Hearing in Paxton case to consider prosecutors' push for another trial delay
Texas Attorney General Ken Paxton's lawyers and the prosecutors handling the securities fraud case against him are preparing to debate a familiar topic Wednesday: whether his trial should be delayed — for a third time — until the prosecutors can get paid.
Both sides are due in Houston for a hearing on the prosecutors' latest effort to push back the trial amid a long-running legal battle over their compensation — a fight that recently reached the state's highest criminal court, the Texas Court of Criminal Appeals. Earlier this year, when Paxton's case was before a different judge, the prosecutors were unsuccessful in a prior attempt to delay the trial until they could collect their paycheck.
Currently, Paxton is set to go to trial Dec. 11 on the less serious of three charges he faces. The date for that trial has already been pushed back twice due to pretrial disputes, first over the venue and then the judge.
In a recently filed motion, the prosecutors asked the judge in the Paxton case to further delay the trial until the Court of Criminal Appeals can sort out of the payment issue — "a process which could take many months." That ongoing litigation, coupled with logistical difficulties created by Hurricane Harvey, "make a trial date in December impossible" for the prosecutors, they wrote.

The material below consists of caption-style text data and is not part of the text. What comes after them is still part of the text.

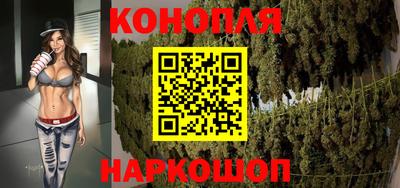 mdma Пыть-Ях
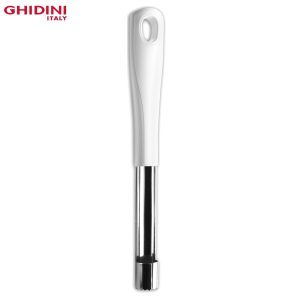 GHIDINI ΑΠΟΠΥΡΗΝΩΤΗΣ ΜΗΛΟΥ ΑΝΟΞΕΙΔΩΤΟΣ ΛΑΒΗ ABS – 107-Box in Thessaloniki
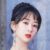 杨紫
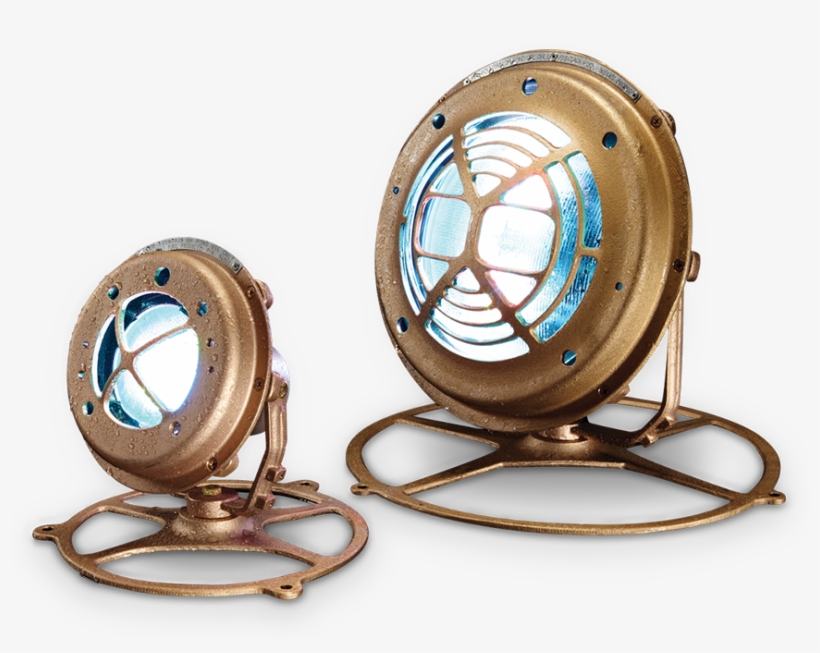 Lighting, transparent png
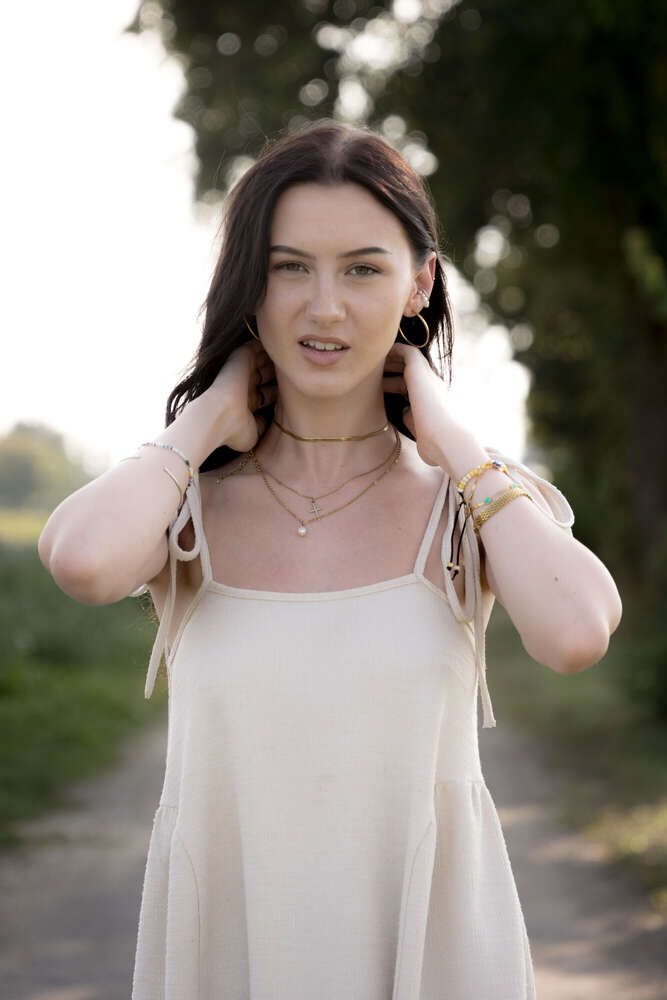 Martin Gangkofer (Martin Gangkofer)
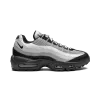 Nike AIR MAX 95 LX () WMNS Reflective Safari Womens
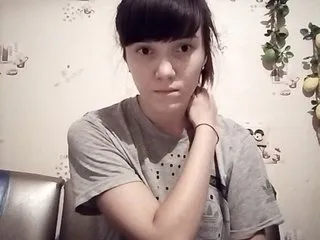 Live sex webcam photo for Anna61566 #168788763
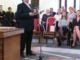Szappanos Tibor tv énekel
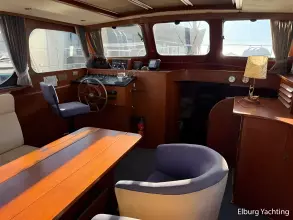 Thumbnail von Super Van Craft 14.70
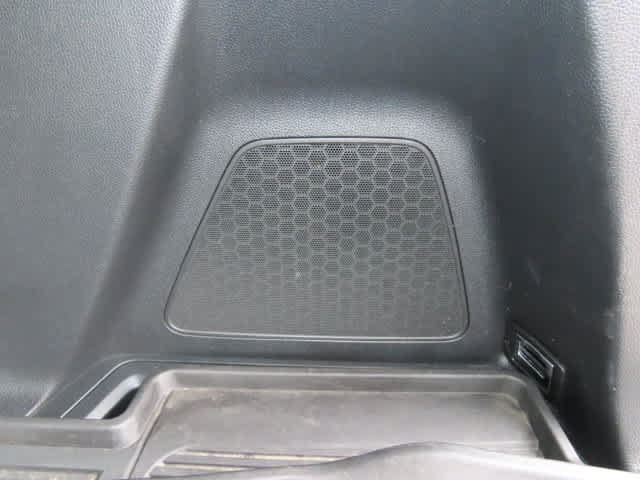 Certified 2025 Honda Pilot EX-L image 12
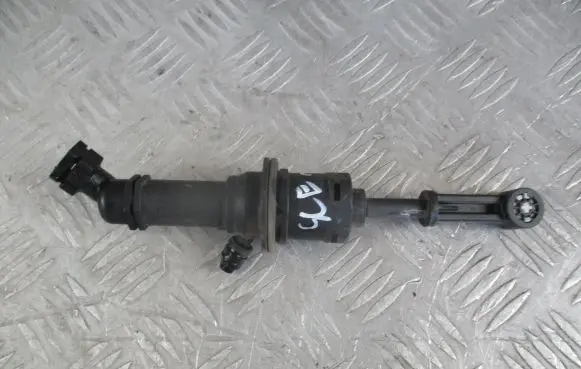 Renault Scenic III - Grand scenic III Clutch slave cylinder 306100017R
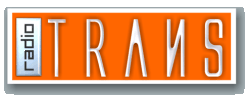 RADIO TRANS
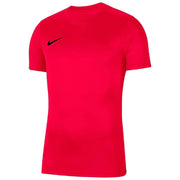 Nike Jsy Park Vii Sh Sn99 – zdjęcie 1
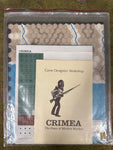 Crimea: The Dawn of Modern Warfare (1975)(New)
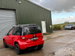Skoda Yeti 1.2 TSI Monte Carlo DSG Euro 6 (s/s) 5dr 5dr Automatic 2016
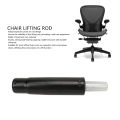 Office Chair Gas Lift Cylinder Computer Chair Cylinder Replacement Black Hot. 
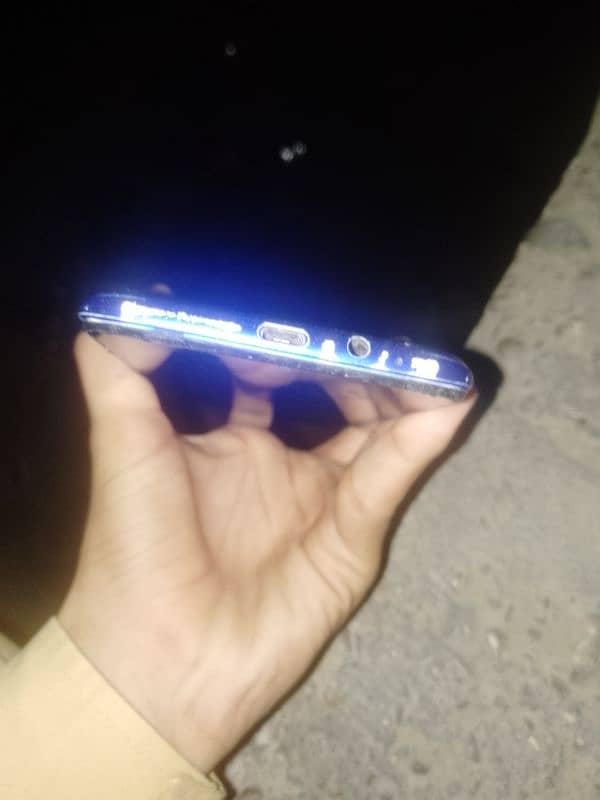 Tecno Spark 6 Go (Urjent sell) 3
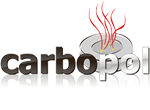 carbopol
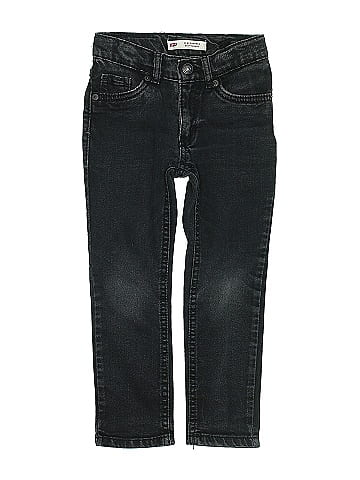 Levi's Jeans (view 1)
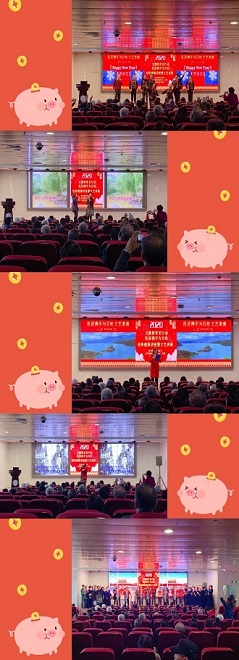 2.jpg 2.jpg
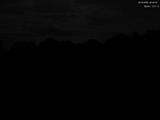 22 : 40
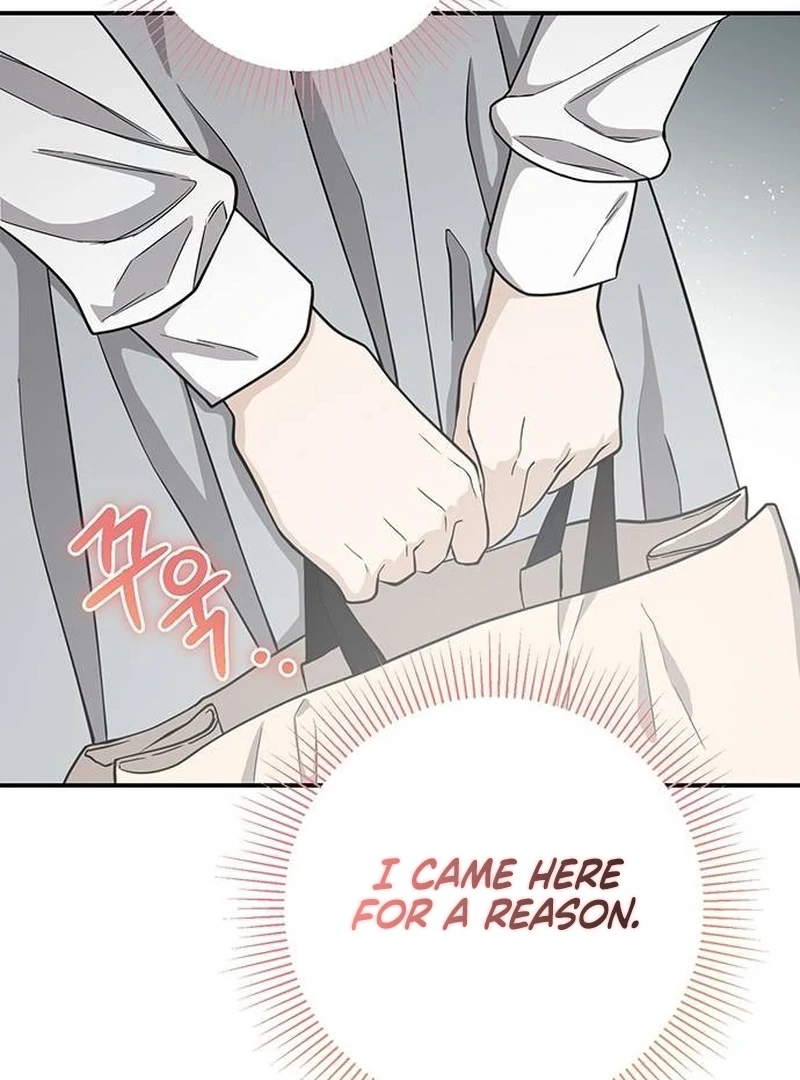 Ugly Wife Chapter 10 - Page 99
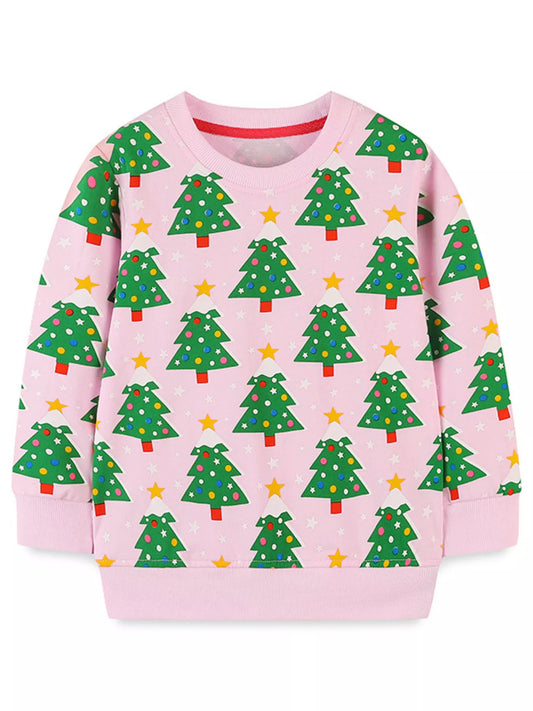 5d5bdb7500054a0ead8bee742b97dc55-Max-Origin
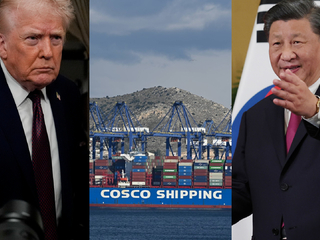grécko trump si.jpg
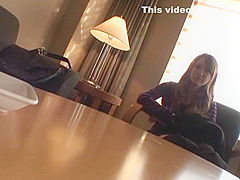 Free Premium Video Unlimited Sex With Beautiful Gals!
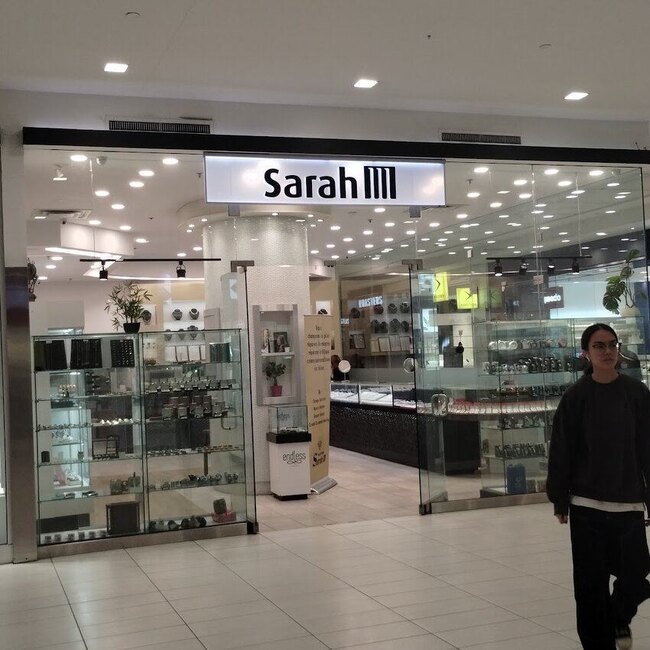 Sushi Shop - Restaurants Chinois, Asiatiques Ouverts maintenant Montr&eacute;al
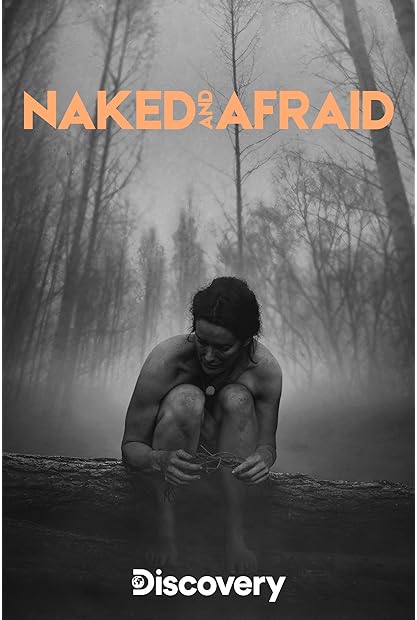 Naked and Afraid S17E10 720p WEB h264-CBFM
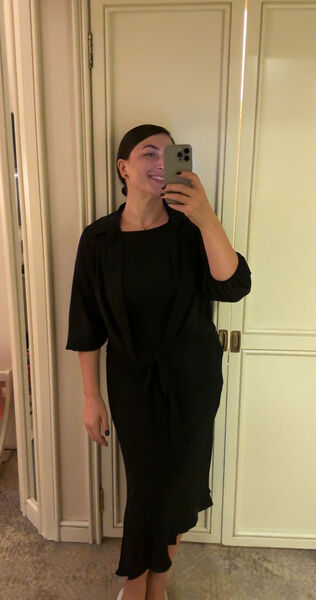  ,   , 36 ,   c 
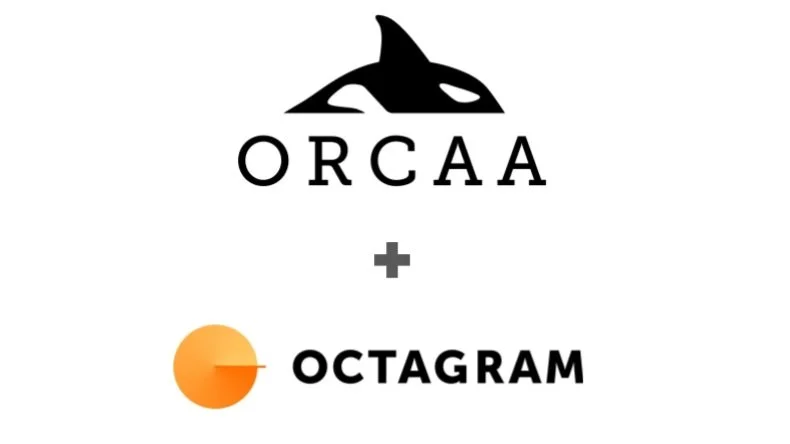 Announcing INFER: a new offering to address unfair bias in insurance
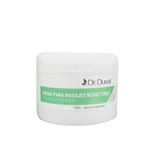 Crema-Reductora-Para-Masajes-Dr.Duval-x250g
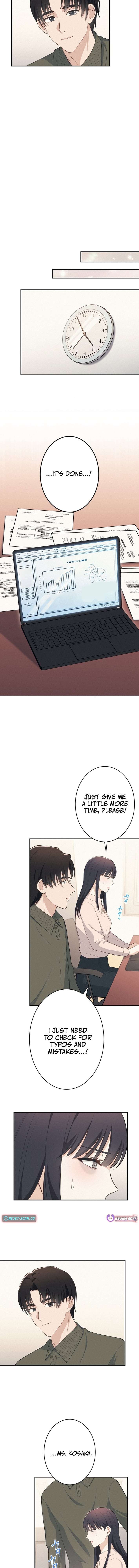Chapter 24 - Image 3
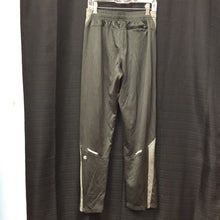 Load image into Gallery viewer, Athletic Pants
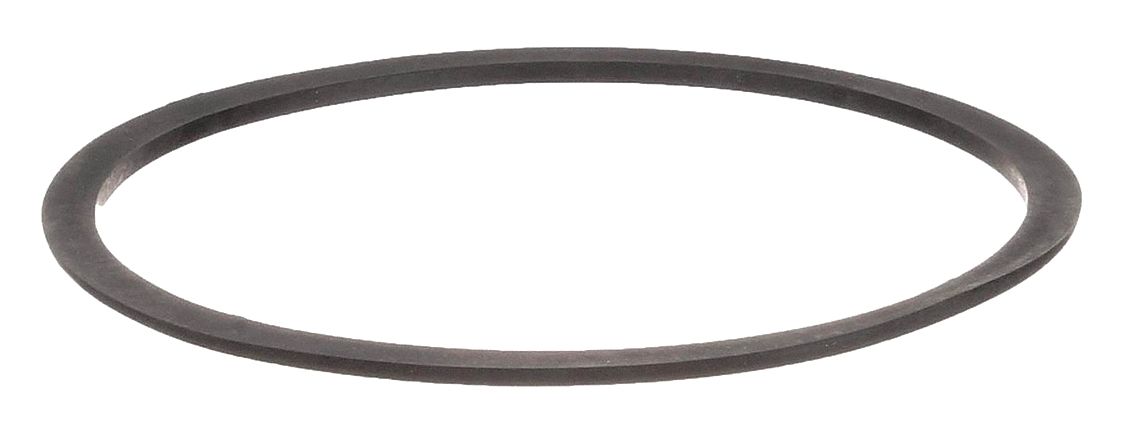 Binks 83-1419 Head Gasket: Essential for 2 Gal Pressure Tanks!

Paxton's team scoffed at that ask in a response Tuesday, saying the prosecutor pay battle is "wholly irrelevant to the trial."
"If 'a trial date in December [is] impossible,' for the attorneys pro tem as they state in their brief, then their remedy is not further degradation of Paxton's right to a speedy trial — it is withdrawal," Paxton's lawyers wrote. "Should they wish to do so, Paxton will not lodge any objection."
Last week, the Court of Criminal Appeals intervened in the dispute over the prosecutors' pay, issuing a stay of a lower-court ruling last month that voided a six-figure paycheck for them. In its decision, the Court of Criminal Appeals gave all sides 30 days to respond to the prosecutors' argument that the lower court, the Dallas-based 5th Court of Appeals, overreached when it invalidated the payment.
The issue of the compensation of the prosecutors on the case stems from a series of lawsuits from Jeff Blackard, a supporter of the attorney general, who has sought to limit the payments by the Collin County Commissioners Court, arguing excessive taxpayer money is going toward prosecuting Paxton. The commissioners ultimately took up the fight, asking the 5th Court of Appeals to cut off the prosecutors' pay.
For over two years, Paxton has been fighting charges that he misled investors in a company from before his time as attorney general. The Dec. 11 trial deals with the charge that Paxton failed to register with the state securities board.
Paxton has pleaded not guilty to all the allegations. He has already been cleared in a similar, civil case at the federal level.
Paxton will not attend the hearing Wednesday.
"Attorney General Paxton is traveling on official business to meet some long standing commitments that were made prior to the hearing," Matt Welch, a spokesman for the Paxton campaign, said in a statement. "Both the judge and the special prosecutors agreed to waive his appearance requirement."